Drôles de Pâques....

Nous nous étions arrêtés pour une petite collation et j'avais pris un plaisir indicible à tailler dans le steak saignant. Les pommes de terre rissolées fleuraient bon et même le demi-pichet de vin de pays était convenable... Cela m'avait mis de bonne humeur. Heureusement car depuis le matin, je n'étais pas à toucher avec des pincettes : trois jours avant, Clara m'avait envoyé sur les roses. Il n'était plus question que je continue à passer la voir comme quand bon me semblait, avec tout juste un petit coup de fil trop bref pour m'annoncer quand ce n'était pas après un message sur son répondeur téléphonique.

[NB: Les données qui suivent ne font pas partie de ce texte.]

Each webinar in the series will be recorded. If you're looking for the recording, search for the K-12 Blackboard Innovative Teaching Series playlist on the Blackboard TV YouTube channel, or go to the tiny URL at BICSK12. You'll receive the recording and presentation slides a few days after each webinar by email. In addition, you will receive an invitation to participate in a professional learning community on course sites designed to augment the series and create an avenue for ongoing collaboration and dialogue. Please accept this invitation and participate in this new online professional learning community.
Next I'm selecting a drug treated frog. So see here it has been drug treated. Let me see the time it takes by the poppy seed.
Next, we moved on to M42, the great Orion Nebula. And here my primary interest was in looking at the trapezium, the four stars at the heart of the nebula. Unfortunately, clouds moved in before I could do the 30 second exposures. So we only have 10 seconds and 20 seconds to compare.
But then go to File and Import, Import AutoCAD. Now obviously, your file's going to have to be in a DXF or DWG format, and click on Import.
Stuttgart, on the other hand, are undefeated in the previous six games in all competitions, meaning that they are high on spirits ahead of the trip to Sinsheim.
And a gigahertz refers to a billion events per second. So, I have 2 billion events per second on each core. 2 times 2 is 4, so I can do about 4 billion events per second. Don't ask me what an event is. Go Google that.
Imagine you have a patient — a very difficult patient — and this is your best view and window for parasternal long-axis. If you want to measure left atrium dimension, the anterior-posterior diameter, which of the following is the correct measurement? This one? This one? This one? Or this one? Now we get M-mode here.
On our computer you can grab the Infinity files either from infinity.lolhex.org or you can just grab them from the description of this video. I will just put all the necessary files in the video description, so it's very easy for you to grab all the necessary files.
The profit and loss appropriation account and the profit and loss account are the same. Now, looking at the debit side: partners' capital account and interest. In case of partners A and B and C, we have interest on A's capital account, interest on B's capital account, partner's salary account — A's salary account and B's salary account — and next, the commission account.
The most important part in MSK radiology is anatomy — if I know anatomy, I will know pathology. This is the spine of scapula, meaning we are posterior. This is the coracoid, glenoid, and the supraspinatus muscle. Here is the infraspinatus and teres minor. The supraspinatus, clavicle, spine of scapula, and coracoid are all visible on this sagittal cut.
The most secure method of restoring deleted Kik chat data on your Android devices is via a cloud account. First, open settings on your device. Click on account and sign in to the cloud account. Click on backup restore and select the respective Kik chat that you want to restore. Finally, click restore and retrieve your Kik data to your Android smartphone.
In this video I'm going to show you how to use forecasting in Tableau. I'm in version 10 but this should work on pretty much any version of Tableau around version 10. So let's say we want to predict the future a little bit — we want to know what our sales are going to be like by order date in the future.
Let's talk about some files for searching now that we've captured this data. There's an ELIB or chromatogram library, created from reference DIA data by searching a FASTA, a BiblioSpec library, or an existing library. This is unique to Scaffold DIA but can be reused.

Elle pourrait ne plus être seule... et il m'avait fallu lui rendre les clefs de son appartement. Jamais une toile ni même une invitation au restaurant, avait-elle ajouté. Là, elle exagérait. Parfois, je m'arrêtais chez le fleuriste et j'achetais une splendide brassée de fleurs aux couleurs éclatantes, elle s'en étonnait parce que c'était délicieusement rétro mais ce n'était jamais pour son anniversaire... j'aimais lui dire « Je t'aime ! » en lui offrant un bouquet de fleurs. Elle me regardait, décontenancée, presque méfiante.
- Et le dire avec ta queue ? glissait-elle mi-figue, mi-raisin en se déshabillant.
Elle avait des formes plantureuses. Cela me rendait fébrile, mes doigts voletaient comme les bras d'une pieuvre, l'effleurant, la faisant frissonner. Vorace, je goûtais à tout, jamais rassasié. Sur sa peau fine, laiteuse, se dessinaient des veines bleutées. J'aurais presque pu voir battre son cœur quand nous retombions exténués, gorgés d'amour, les narines palpitantes. Féline ou coquine, elle venait se frotter contre moi telle une chatte. J'admets que bien souvent, je ne fus pas de taille, je n'étais pas capable de la faire gémir autant de fois qu'elle l'aurait souhaité.
- Tu touches à tout mais tu ne finis rien, crachait-elle furieuse. Dur-dur de bosser trois nuits de rang, à souder de minuscules composants électriques, d'accumuler des vertiges, des contrariétés à cause de petits chefs misérables, à l'affût des mauvaises cadences. Le quatrième matin, souvent à l'aurore, je m'enfuyais de ce bâtiment maudit en accélérant le pas.
Je passais devant la cahute des gardiens, clic-clac dans la pointeuse et je m'arrêtai aussitôt après devant la cabine téléphonique à l'angle de l'avenue, heureux d'être enfin libre pour trois jours, cinq quand le week-end venait en suivant comme une cerise sur le gâteau. Je composais le numéro d'une Clara ensommeillée.. et vite, je prenais un bus pour, plus vite encore, me précipiter entre ses jambes et mettre mes oreilles au chaud. Espérer réaliser des prouesses était devenu une vaine espérance.